Exercise prompt
Your job is to give again, exactly and with no additions, the lines in the records below from the one with "The Cat Man" through the one with "A man stands", both included. Omit the pictures.

Material for this exercise
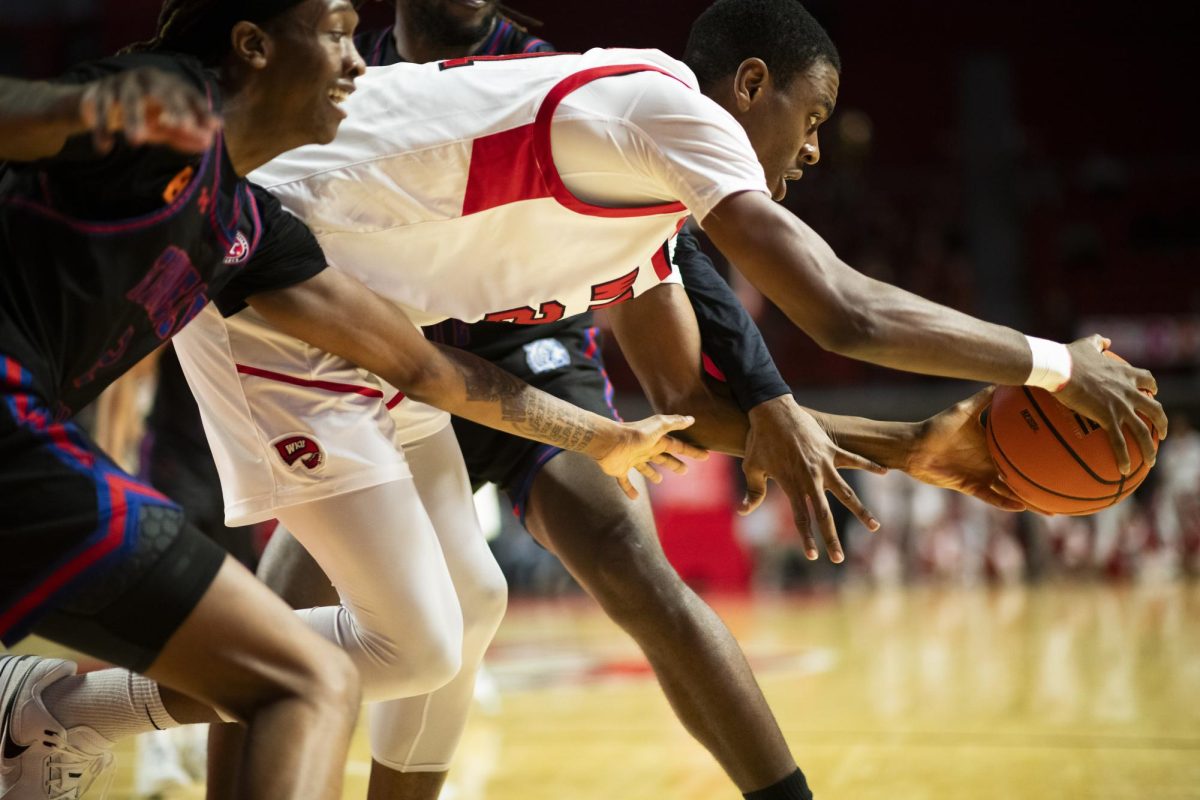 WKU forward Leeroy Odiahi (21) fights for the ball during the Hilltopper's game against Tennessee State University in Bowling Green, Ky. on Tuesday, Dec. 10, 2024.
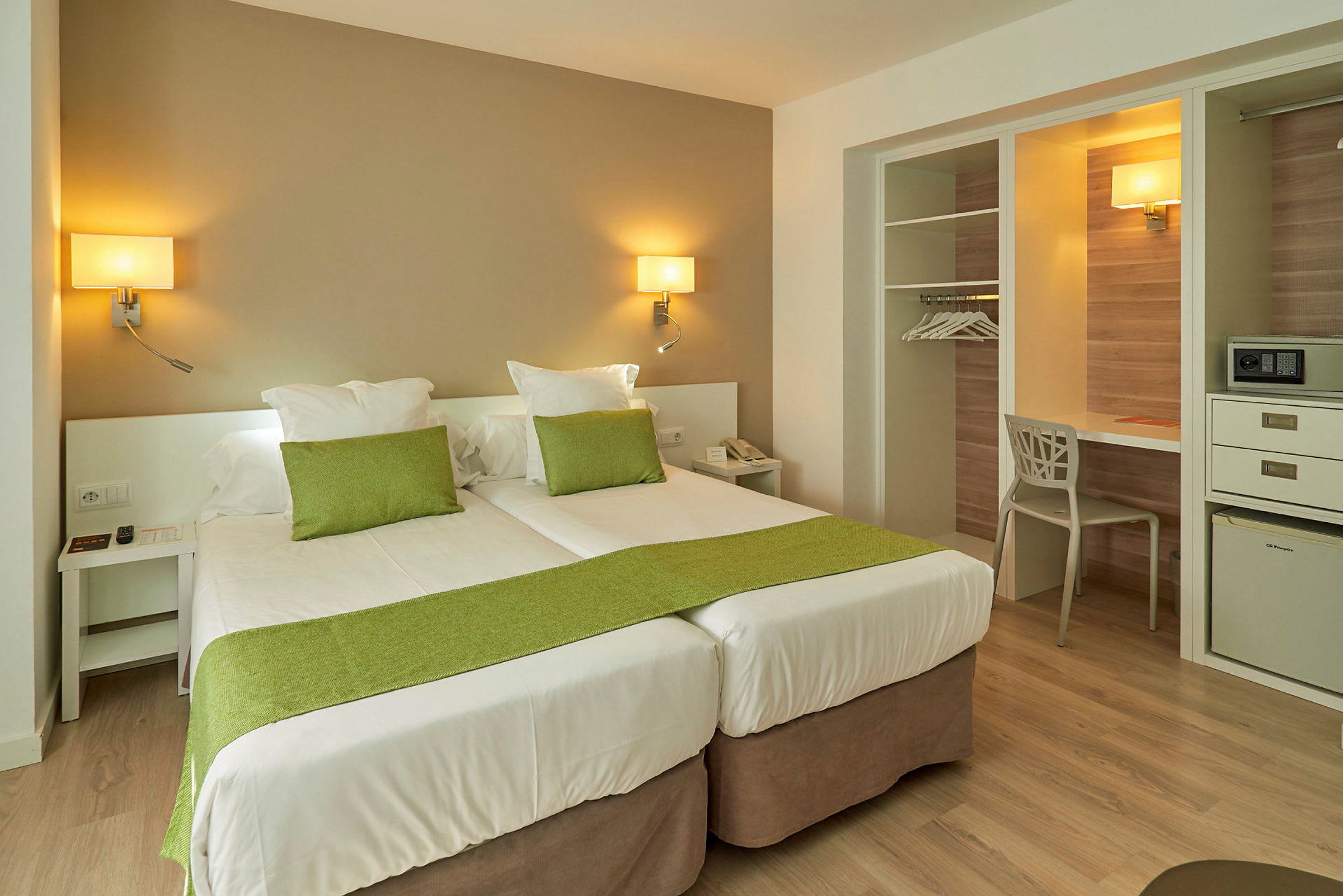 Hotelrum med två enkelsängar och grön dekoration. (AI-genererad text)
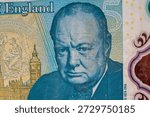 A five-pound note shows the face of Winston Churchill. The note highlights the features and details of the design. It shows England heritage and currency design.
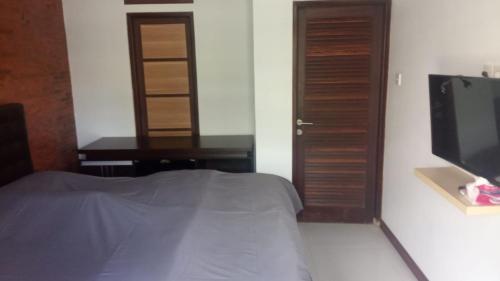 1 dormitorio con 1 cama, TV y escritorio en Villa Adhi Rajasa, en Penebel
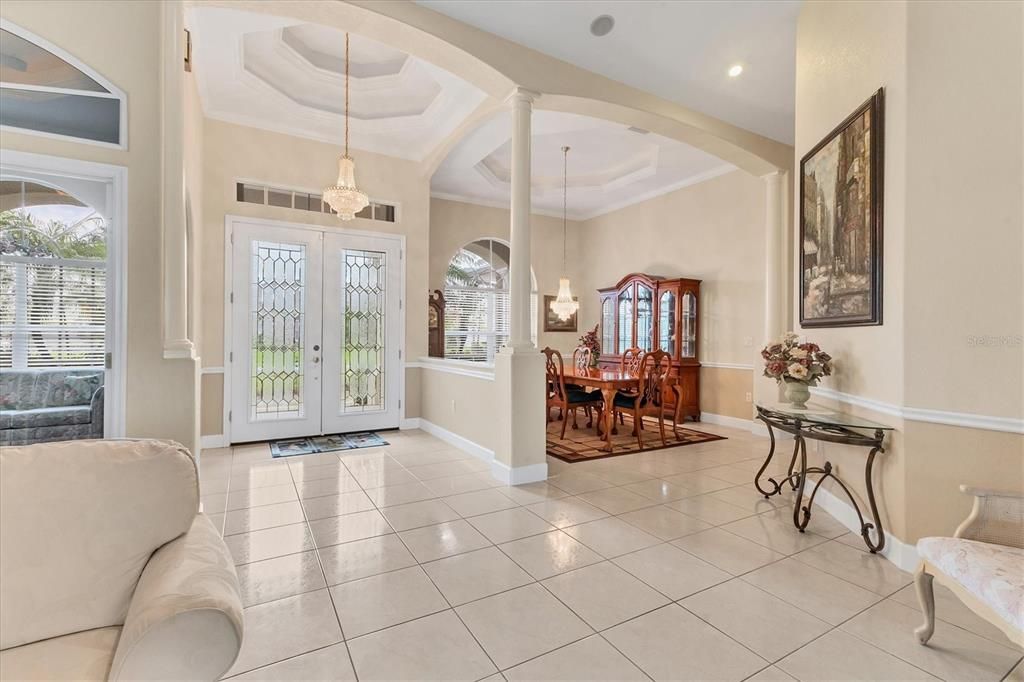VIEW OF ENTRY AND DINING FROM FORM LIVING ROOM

...

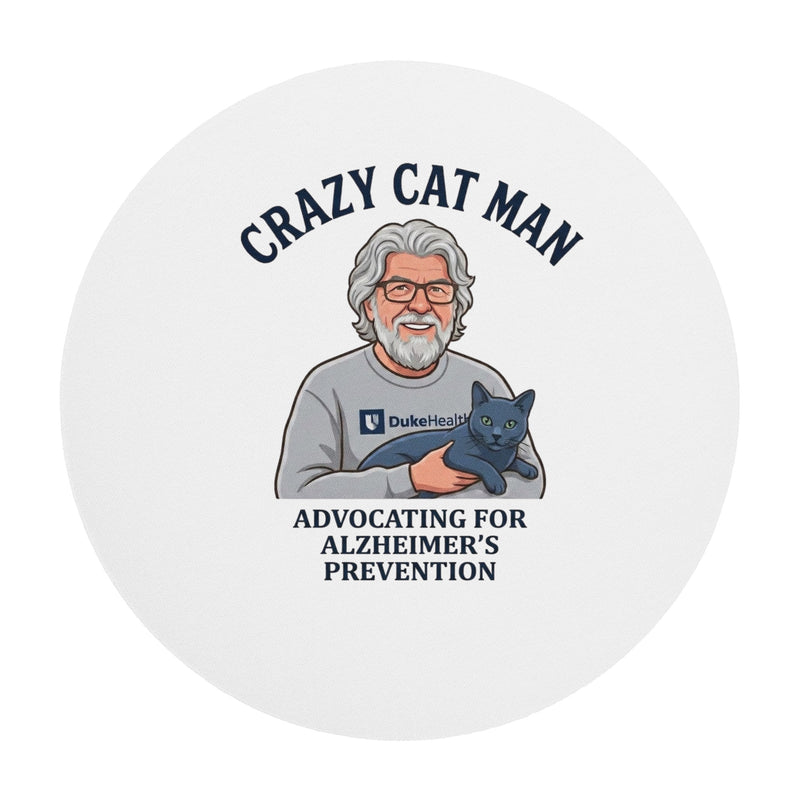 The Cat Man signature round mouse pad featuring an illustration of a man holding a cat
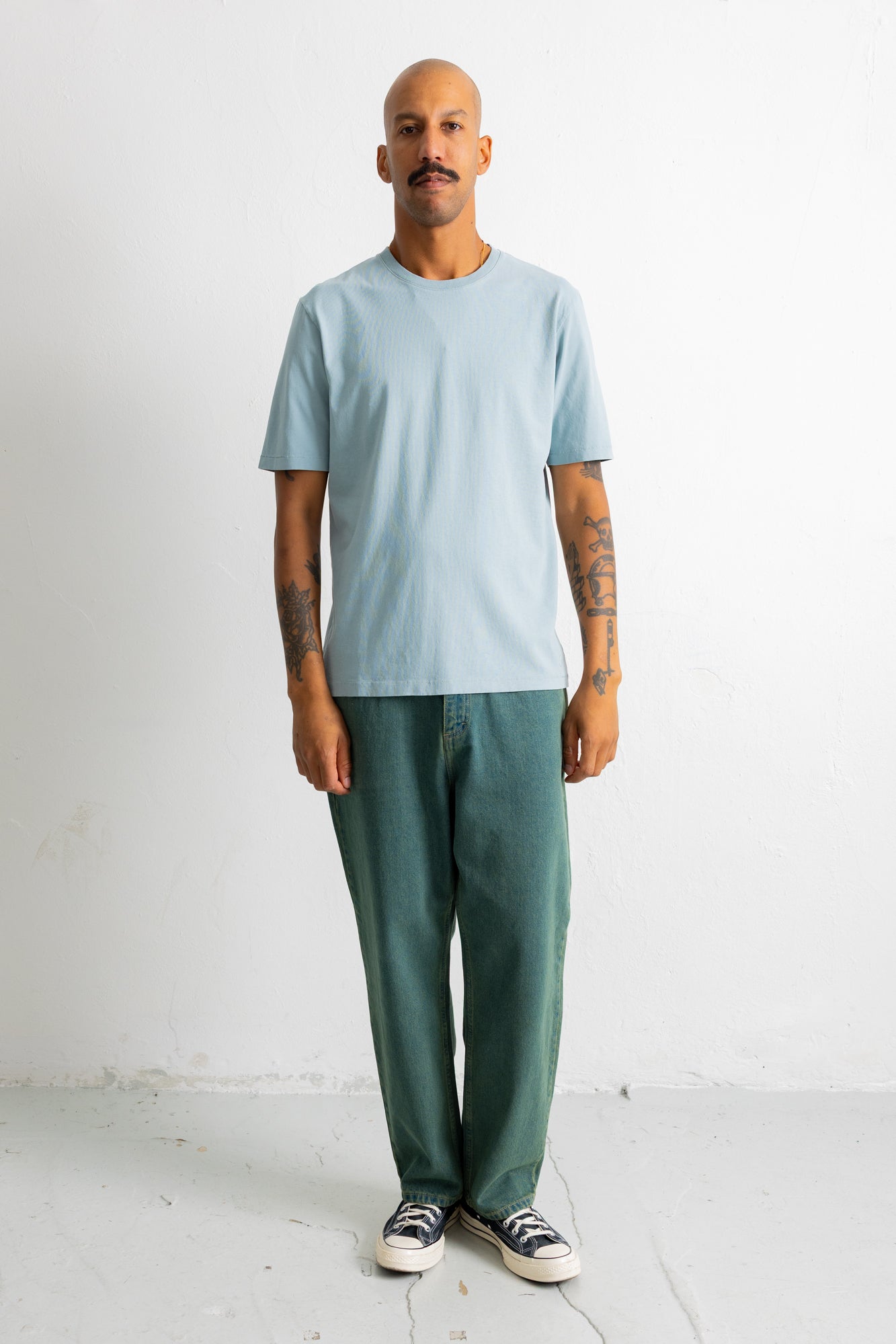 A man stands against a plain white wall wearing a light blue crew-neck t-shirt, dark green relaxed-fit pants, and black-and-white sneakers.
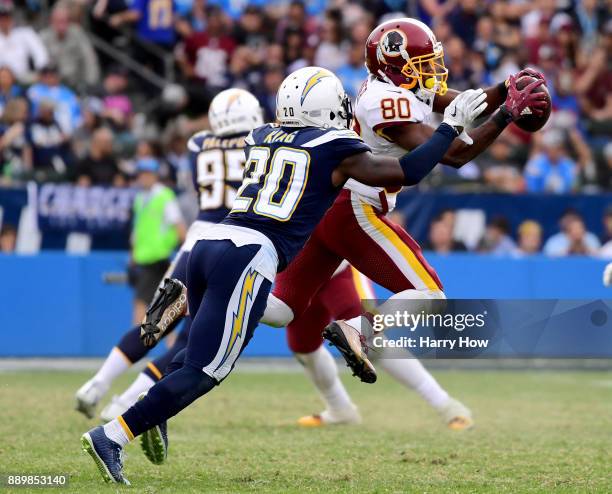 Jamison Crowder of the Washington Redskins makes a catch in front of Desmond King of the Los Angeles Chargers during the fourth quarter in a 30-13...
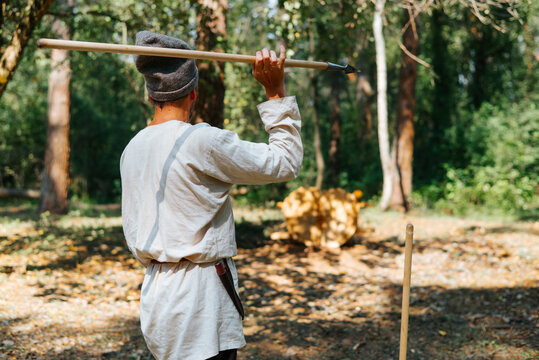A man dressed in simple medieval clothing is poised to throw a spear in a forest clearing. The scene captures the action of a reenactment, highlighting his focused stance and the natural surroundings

Answer to this task
 The Cat Man signature round mouse pad featuring an illustration of a man holding a cat
 A man stands against a plain white wall wearing a light blue crew-neck t-shirt, dark green relaxed-fit pants, and black-and-white sneakers.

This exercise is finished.